The US dollar index is a little softer today as dealers continue to be less fearful about the Federal Reserve with respect to hike interest rates in the near to medium term. The central bank has rowed back from its hawkish update in December, and the greenback is softer on the back of it.
EUR/USD is higher due to the dip in the greenback, and the eurozone unemployment report helped too. The jobless rate fell to 7.9%, and the previous report was revised down to 8%, from 8.1%. The unemployment rate is now at its lowest level in a decade, which bodes well for the region.
USD/CAD is in the red due to the softness in the greenback, and the strength in the Canadian dollar – due to the rally in the oil market. The Bank of Canada (BoC) kept interest rates on hold at 1.75%. The central bank lowered its growth forecast for 2019 to 1.7% from 2.1%, and the inflation rate was trimmed too, so the BoC might be holding tight for the foreseeable future.
Gold is higher on the day, and the pullback in the greenback has helped the metal .The risk-on attitude of traders in light of the US-China trade talks has not helped gold’s cause.
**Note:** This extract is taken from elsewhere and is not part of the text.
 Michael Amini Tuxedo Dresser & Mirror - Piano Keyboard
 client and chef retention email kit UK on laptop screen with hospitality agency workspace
The metal has been in an upward trend since mid-August, and if the bullish move continues it might target the $1,300 region.
The Energy Information Administration report encouraged traders to take some profit on oil. The energy gave back some of the ground made after it was reported that oil inventories dropped by 1.68 million barrels, and that gasoline stockpiles surged by over 8 million barrels.